Tuesday, June 24, 2008

Grania at the Museum of Science and Industry

I am Grania.
I am sitting here looking at a baby in a bottle.
Its feathery hair floats in formaldehyde,
Its eyes are closed tight in an undersea nap
From which there will be no awakening.
It has everything,
All the human necessities,
Tiny conch-like ears
Dimples and creases and a fat little belly.
It’s a great little baby,
Except that it’s dead.

Bottled rudiments, all in a row.
Flecks of humanity
Dropped from inhospitable wombs,
Cold-packed by scientists from
A bleak harvest to be placed
Like a housewife’s summer’s work
On a cellar shelf. This freak show.
Is this one mine?
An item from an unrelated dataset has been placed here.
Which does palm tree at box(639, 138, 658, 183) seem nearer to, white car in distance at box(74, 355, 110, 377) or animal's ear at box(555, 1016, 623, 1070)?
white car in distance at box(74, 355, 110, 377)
That one yours?
The mothers come as if to Parents’ Day at school
To wonder who is the prize of the display,
Unique in some hellish way.

By this one, I am beguiled.
Observe that plump rump.
Reminds me
Of J. Swift’s recipe
For fricassee
Of child.

In the first flush of love,
My true love gave to me
One embryo
Nestled inconveniently.
She was a girl,
With her sex tucked inward between fat little pads.
Just one of many abandoned by fun-loving dads.

By the third week,
There was a heart,
A mere pinpoint, but
Though its elfin beats are silenced,
They echo and echo,
Sending bubbles of reproach to the top of the jar.
And I hear
And hear
And I feel
Your gargantuan wrath,
but from afar.

Sorry, sweetie,
Mommie simply had to commit you to the jar.